聴き入っているといつの間にか曲は終わっていた。私は無意識に拍手をする。
「愛菜また歌とギターの腕上がってない!? もう追いつかないなぁ…」
「ギターは優羽やってないじゃないかぁ〜。歌はウチよりも遥かに優羽の方が上手いよ〜!…で、今回の曲、どう?」
愛菜はそう言ってくれるが、それは愛菜の過信でしかない。誰から聴いても愛菜の方が上手いと思うだろう。本当に愛菜はすごいなぁ…。
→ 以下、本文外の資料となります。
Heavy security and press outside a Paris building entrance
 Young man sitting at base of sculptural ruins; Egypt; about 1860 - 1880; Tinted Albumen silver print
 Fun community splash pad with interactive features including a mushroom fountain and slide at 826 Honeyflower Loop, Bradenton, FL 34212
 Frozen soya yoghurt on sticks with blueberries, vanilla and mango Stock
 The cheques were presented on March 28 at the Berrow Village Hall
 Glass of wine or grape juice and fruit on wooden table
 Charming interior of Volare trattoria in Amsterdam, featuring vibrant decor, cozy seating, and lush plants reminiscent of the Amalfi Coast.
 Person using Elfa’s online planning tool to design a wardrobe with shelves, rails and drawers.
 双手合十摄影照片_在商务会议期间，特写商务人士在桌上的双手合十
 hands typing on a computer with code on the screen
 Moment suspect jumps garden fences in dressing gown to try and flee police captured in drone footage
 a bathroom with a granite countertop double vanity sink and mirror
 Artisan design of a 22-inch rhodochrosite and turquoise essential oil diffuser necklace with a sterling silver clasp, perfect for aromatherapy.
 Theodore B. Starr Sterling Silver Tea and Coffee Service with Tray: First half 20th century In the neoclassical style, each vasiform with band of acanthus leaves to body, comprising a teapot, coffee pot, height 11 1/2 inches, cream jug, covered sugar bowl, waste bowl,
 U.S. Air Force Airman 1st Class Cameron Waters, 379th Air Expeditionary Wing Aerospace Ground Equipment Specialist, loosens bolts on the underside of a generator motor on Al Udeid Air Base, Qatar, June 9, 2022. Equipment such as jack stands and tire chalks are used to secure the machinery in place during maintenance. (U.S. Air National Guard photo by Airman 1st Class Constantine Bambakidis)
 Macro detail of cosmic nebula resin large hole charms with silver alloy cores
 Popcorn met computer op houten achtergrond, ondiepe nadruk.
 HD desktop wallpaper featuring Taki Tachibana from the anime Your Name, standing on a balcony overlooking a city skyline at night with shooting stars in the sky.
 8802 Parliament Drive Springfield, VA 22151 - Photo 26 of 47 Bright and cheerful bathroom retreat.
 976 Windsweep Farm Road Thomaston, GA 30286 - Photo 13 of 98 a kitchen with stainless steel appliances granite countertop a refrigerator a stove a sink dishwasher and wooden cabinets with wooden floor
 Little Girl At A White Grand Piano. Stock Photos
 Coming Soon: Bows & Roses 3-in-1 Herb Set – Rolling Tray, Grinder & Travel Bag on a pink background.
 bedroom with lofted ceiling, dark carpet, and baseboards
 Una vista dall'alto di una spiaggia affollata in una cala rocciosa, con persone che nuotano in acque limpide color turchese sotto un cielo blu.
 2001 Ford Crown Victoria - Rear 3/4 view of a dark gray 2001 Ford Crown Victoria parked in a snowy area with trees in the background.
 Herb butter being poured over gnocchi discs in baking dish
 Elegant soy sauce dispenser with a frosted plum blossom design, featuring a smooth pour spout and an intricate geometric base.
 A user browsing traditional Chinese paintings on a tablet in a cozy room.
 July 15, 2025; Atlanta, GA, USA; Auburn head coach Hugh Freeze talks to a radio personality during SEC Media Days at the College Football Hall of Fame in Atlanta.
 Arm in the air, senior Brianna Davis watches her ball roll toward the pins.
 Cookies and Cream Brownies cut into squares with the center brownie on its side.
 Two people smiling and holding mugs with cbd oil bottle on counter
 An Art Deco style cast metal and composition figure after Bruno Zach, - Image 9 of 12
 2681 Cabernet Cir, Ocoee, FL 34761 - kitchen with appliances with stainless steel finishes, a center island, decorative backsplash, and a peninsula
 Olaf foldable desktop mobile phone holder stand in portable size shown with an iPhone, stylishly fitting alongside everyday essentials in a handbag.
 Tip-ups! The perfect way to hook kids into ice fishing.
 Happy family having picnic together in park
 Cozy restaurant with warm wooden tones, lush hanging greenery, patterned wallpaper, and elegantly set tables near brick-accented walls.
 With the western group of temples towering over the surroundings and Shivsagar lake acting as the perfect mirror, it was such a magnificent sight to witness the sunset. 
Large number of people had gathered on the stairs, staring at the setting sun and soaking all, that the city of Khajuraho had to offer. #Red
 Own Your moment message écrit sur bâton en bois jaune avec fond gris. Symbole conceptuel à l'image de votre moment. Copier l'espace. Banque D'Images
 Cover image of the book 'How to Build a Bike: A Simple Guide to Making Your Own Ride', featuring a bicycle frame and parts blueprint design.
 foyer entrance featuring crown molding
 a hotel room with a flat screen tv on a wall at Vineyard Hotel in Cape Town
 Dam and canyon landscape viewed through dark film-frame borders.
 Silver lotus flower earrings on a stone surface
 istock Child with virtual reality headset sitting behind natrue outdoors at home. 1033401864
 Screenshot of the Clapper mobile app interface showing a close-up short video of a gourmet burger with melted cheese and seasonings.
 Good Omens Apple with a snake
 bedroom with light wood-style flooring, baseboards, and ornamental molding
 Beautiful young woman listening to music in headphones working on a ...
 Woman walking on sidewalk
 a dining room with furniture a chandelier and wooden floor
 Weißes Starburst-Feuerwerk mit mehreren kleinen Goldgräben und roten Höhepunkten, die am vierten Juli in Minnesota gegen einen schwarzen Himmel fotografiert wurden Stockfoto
「いや、もう最高だったよ。すごくすんなり頭に入ってくる。」
素直な感想を言う。

「お!本当!?良かった、良かった♪覚えられた?」
「一回で覚えられる訳ないでしょ?いくら愛菜の曲が印象に残るといってもさ〜…」
「お、印象に残る!?嬉しいこと言ってくれるねぇ〜。でもやっぱり一回はムリ?」
「無理無理。私は愛菜と違ってそっちの才能ないですから」
「え〜、そう?シュピーン、ジュバーン、ピキッ、って入ってこない?」
愛菜はその擬音を身振り手振りで表現した。ギター邪魔そうだなぁ。
「こないこない」
顔の前で軽く手を振る。そんなアクションされても入ってこないものは入ってこない。
愛菜は数回曲を聴いてしまえば全て覚えることが出来るのだ。主旋律だけなら一回で覚えてしまうらしい。しかし、主旋律だけでなく、ベースやピアノ、聞こえる音なら数回か聴いてしまえば覚えてしまう。それが愛菜の才能だった。
「で、愛菜。」
「ん、ナニナニ〜?」
「ここの歌詞なんだけどさ、…」
私は楽譜の一部分を指して言う。
「フムフム、なるほど。なんか違和感あったんだよねぇ〜。その歌詞なら全然違和感ない。それどころかしっくりくる!さすが優羽、サイコー!!」
「え、あっ、ちょっ…!?」
いきなり愛菜が抱き付いてきた。予想外のことに私は軽くバランスを崩した。愛菜と共に床にぶつかる。
「え、うわっ!?優羽〜!?大丈夫!?」
「うぅ…なんとか。愛菜〜…?」
私は軽く愛菜睨む。しかし目だけで顔全体は笑っていた。
「きゃー!ごめんごめん〜!!そんな睨まないでぇ!!」
愛菜は顔の前で手を合わせて目をつぶっている。しかしやっぱり笑っていた。
一瞬二人は顔を見合わせ、一緒に吹き出すように笑った。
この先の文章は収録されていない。